Oh, right, there’s another new name in this lineup: catching prospect Andrew Knapp. The former second round pick (selected out of Cal the same year the Phils drafted Crawford) was an offensive sensation at Reading last year and as long as he brushes up his game calling skills, the 24-year-old Knapp could surely find his onto the big league roster by August, if not sooner. (Just because this says August 4 doesn’t mean he couldn’t be on the roster in, say, July.)
Phillies lineup, September 4
Analysis: Now I'm getting crazy, going rogue and breaking away from the above every-two-months thing and adding in a bonus: September. It's September call-up time, so, why not. As you may or may not have noticed, only three names appear in this lineup and the one projected for Opening Day. But that’s just where the Phillies are as a rebuilding organization – they have a lot of young talent in the farm system and on the big league roster and most of them are still in development. If you see a lineup like this one at any point in September, it has been a successful season for the Phillies – it means all of these players has progressed positively in 2016.
The newcomers in this lineup: catcher Jorge Alfaro and outfielder Roman Quinn. Both were injured for large chunks of 2015, stunting their progress as prospects. As a result, both probably need more time than the Williamses, Crawfords, and Knapps this year to continue to hone their skills and make up for lost at-bats from last season.
You may have noticed that both Alfaro and Knapp managed to get into this lineup, despite Major League Baseball allowing teams to start just one catcher in their lineups. (That’s crazy. The new commish needs to get on this).

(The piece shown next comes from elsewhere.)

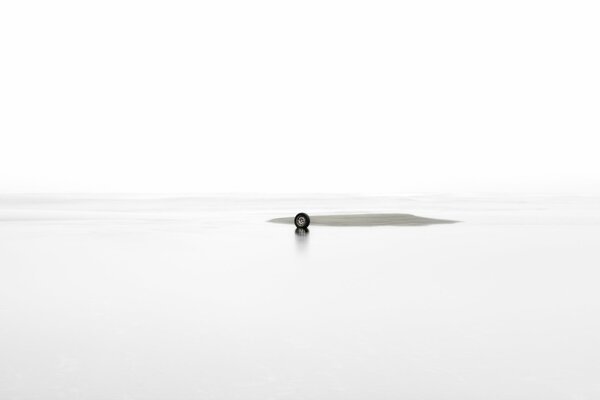 Plage de la mer avec une petite roue au milieu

If both of these guys reach their ceilings, one will have to move to another spot, eventually. Perhaps Alfaro, who has an 80 arm on the scouting world’s 20-80 scouting scale, makes sense to put in right field instead of moving Knapp. But that same arm – and a potential 20-30 home run bat - would play very well at catcher, too. And since that’s a more difficult position to fill, period - let alone with a power bat – bet on the Phillies exhausting every effort to mold Alfaro into their catcher of the future.
As for Quinn, we buried him in this lineup because we’re figuring it’s his first month in the big leagues and he can work his way up to the top (where he’ll belong long-term with his unrivaled speed). Unless Herrera falters in 2016, it’s difficult to mess with the top three spots in that, currently-constructed-for-September 4th lineup. If Quinn hits, his speed will play at the top of the lineup - but we're going to hold off on going as far as predicting the April 4, 2017 lineup.